Thicker spokes doesn't mean they are stronger, thinner spokes are more elastic and can cope with some forces better. That's why butted and double butted spokes are used where extra strength is required. The holes in the hub are also important, if they aren't just right then they can cause the spokes to snap. A rear hub motor means a lot more force than usual can go through the spokes and will show up weaknesses that are usually missed, I found out the hard way that some bike shops (at least 2 out of three for me) don't have the specialist knowledge needed when it comes to spokes.
I hear you and agree with you (partly
)
There wasn't any substantial difference in the flange size of 1.8 and 2mm spokes. I can't do much about the hub holes as they are already drilled.
I take on board what you are saying but I stand over my work and completely confident that they are all sound.
If someone was to thread a spoke incorrectly they would actually be twisting the grain in the steel, could easily be done with an undersized die, or a split die that is tigthened too early. Many people don't back off when cutting and use an appropriate cutting oil.

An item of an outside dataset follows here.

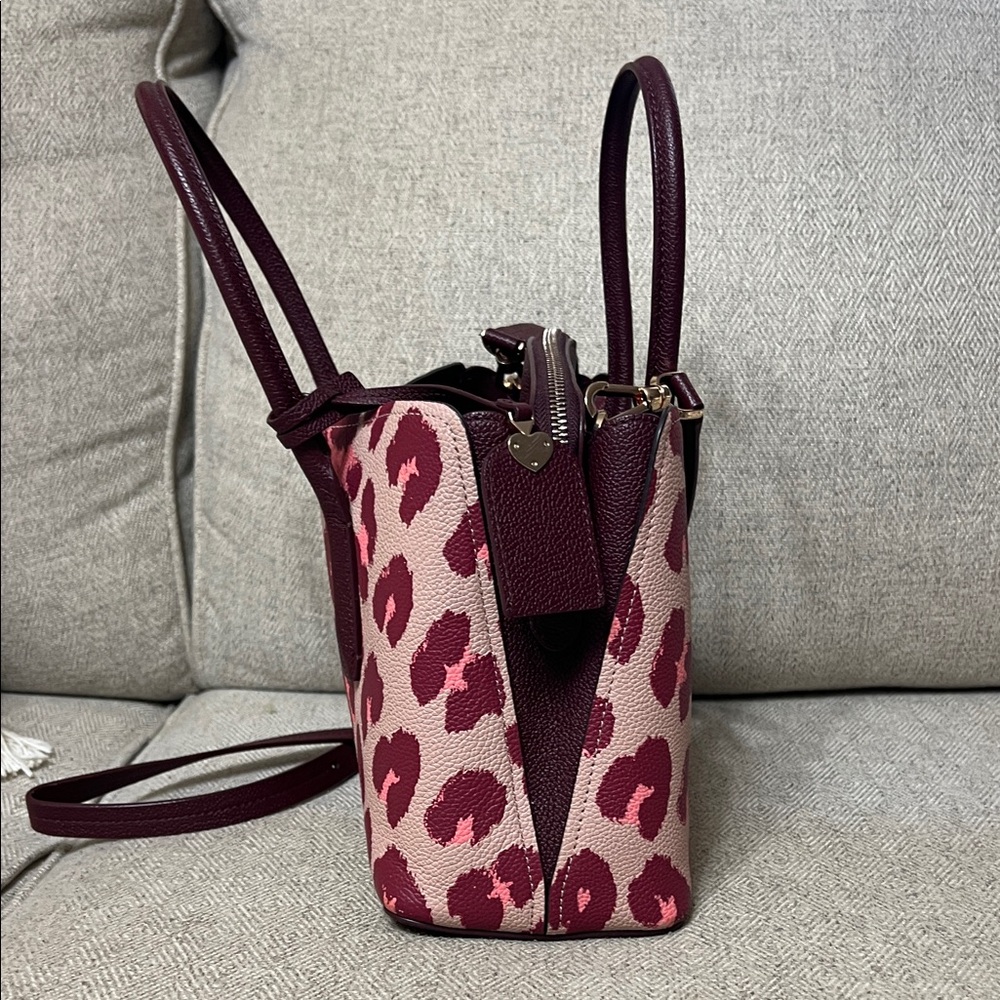 Kate Spade Burgundy and Pink Animal Print Satchel - Picture 5 of 5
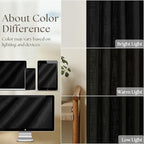 Black Linen Curtains 102 Inches Long 2 Panels for Living Room Modern Thick Linen Flax Pinch Pleated Memory Trained Light Filtering Ceiling Semi Sheer 102 Inch Curtain with Hook Rings Back Tab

Same could be said for not having the die square on the cutting surface
As for the threads, they are very good. I will take some shots with the scope and post when I get a chance.
After several weeks of hard usage (28 miles per day) all is good, some tensioning was done at around 100 miles, pretty much expected after building any wheel.
I would be more concerned with rolled threads on a wheel that is not tensioned correctly.